We’ve reached that time of the year when the ATO (Australian Taxation Office) and accountants begin getting ready for the slew of calculations they will be handling as people across the country lodge their tax returns. The cost of having a registered Tax Accountant lodge your tax return on your behalf can vary. If you prefer to prepare your own tax return there are quite a few things you will have to remember.
Before we take a detailed look at how to complete your tax return, here is some basic information you should be aware of:
Your tax return for any particular year (eg: 2020) is for all income earned from 1 July 2019 to 30 June 2020.
The tax return for 2020 will be available in June 2020, with lodgement available from 1 July 2020.
If you’ve missed any tax returns for previous years, you must complete them as soon as possible to avoid any fines from the ATO.
Since most of us are now working from home due to COVID-19, the ATO has introduced a new method to calculate your expenses working from home called the Shortcut Method. Find out more about the Shortcut Method in our guide explaining How to Lodge a Tax Return if You’re Working from Home.
How to do your tax return online
As an individual doing their own taxes, you may have several questions. Here are some useful tips on how to do your taxes online:
Gather your paperwork
Before you lodge your tax return you need to gather all relevant information and paperwork to ensure it will be accurate. You will notice that the ATO pre-fills certain information from superannuation funds, Centrelink and banks in your online form. However, it is recommended that you check the accuracy of this pre-filled information. Some of the documents you require for your 2017 tax return include:
Payment summaries – These record the income you’ve received from superannuation funds, an employer, or any government agencies such as the Department of Veteran’s Affairs or Centrelink.
Bank statements – These will detail the interest you may have earned over the past financial year.
Shares, managed funds or unit trusts statements – These will be required to calculate any dividends or distributions made to you.
Statements of buy and sell investments – You can acquire these from your stockbroker or investment advisor if you purchased or sold any shares.
Records from rental properties– This has information relating to either a capital gain or capital loss from the sale of any property.
Foreign income details – All details of foreign pensions or any other form of foreign income will be required.
Statement of your private health insurance policy – This will be required to complete the tax return section that requires information about your private health insurance. See more information below.

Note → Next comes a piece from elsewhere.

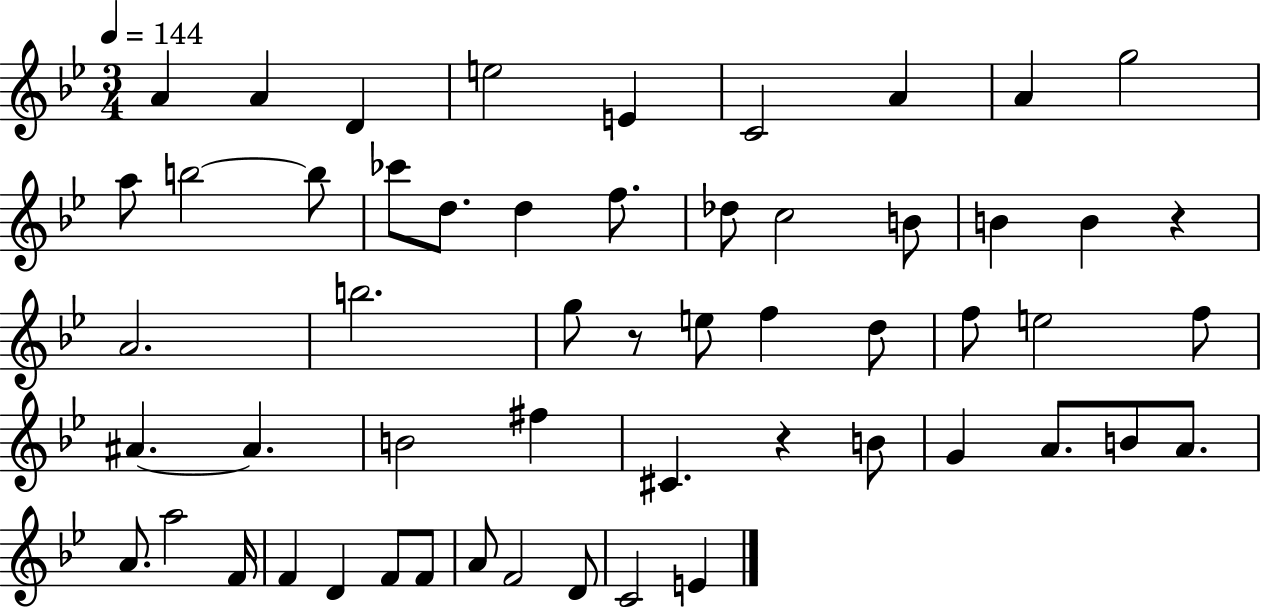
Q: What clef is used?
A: treble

Donation receipts – These are needed from all the approved charities you make contributions to.
Educational receipts and records – Not every expense is claimable, refer to the self-education expenses page on the ATO site for additional information.

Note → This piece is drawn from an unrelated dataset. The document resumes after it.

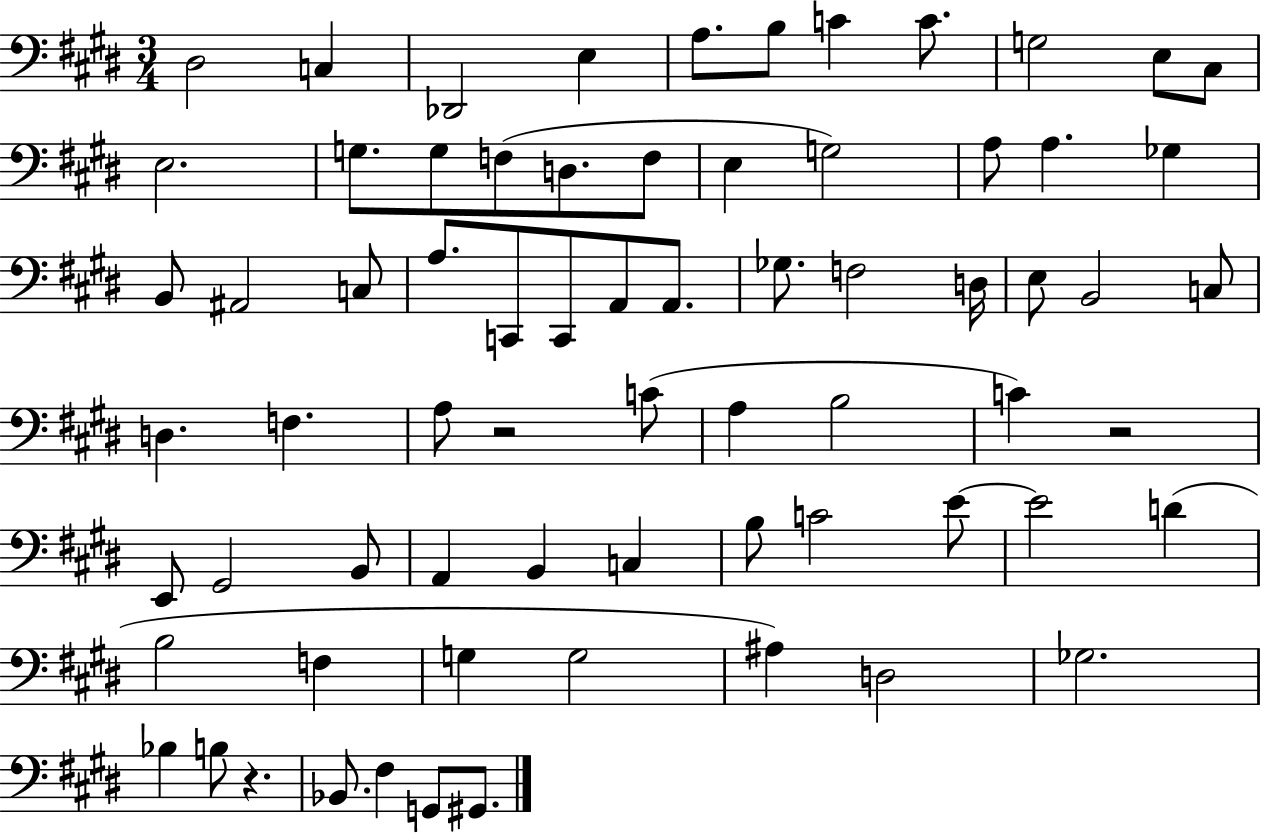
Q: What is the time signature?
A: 3/4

Investment property receipts – These will be required to claim the maintenance and repairs costs on any investment property you own.
Your spouse’s income and expenses – If you have a spouse, you will require details of their income as well as their expenses to ensure your entitlements are correctly calculated.
Union membership – The cost of your union membership can be deducted from your taxable income amount.
Work-related expenses – You might be eligible to claim certain work-related expenses.
Medicare levy and private health insurance rebate
From 1 July 2015, income thresholds used while calculating the Medicare levy surcharge and the private health insurance rebate have been frozen for three years at 2014-15 levels. If there is an increase in your income, you may move into the next threshold for the private health insurance rebate. This may mean a few things:
If you have private health insurance, there may be a decrease in your rebate entitlement.
If you don’t have the required level of private health insurance, you may have to pay the Medicare levy.
If you paid the Medicare levy surcharge payment last year, there could be an increase in the levy you pay in 2017.
If you’ve received an increase in pay, contact your health insurance provider to make sure the appropriate rebate is applied. You will be able to find more detailed information about income thresholds for private health insurance on the ATO’s website.
Claim your deductions
You may be eligible to claim income tax deductions for certain job-related costs; the expenses must meet these criteria:
Relevant – The expenses must be job-related.
Real – The money spent must have been your own and has not been reimbursed.
Recorded – You must have records such as receipts as evidence of the job-related cost.
You will find more details on the ATO website about how you can claim work-related expenses.
The myDeductions tool on the ATO app can be used to help you keep track of all your deductions. Using this tool, you can:
Record all work-related expenses
Store photos of receipts
Record gifts and donations
Track car trips
NB: myDeductions isn’t for small business owners. It’s only for those claiming various work-related expenses as employees. With effect from 1 July 2016, these deductions can be pre-filled on your online tax return via the app. Alternatively, you can share this information with your tax agent.
How to track my tax return
To lodge your tax return online, you need to ensure you have a MyGov account (this can be easily created if you do not yet have one). This account will have to be linked to the ATO. Once you have completed the process and lodged your tax return, you should check your MyGov inbox for the tax receipt and your notice of assessment.
If you are planning to use a professional to handle your tax returns, make sure the tax agent is registered. You can check the agent’s registration status via the online tax and BAS (Business Activity Statements) agent register.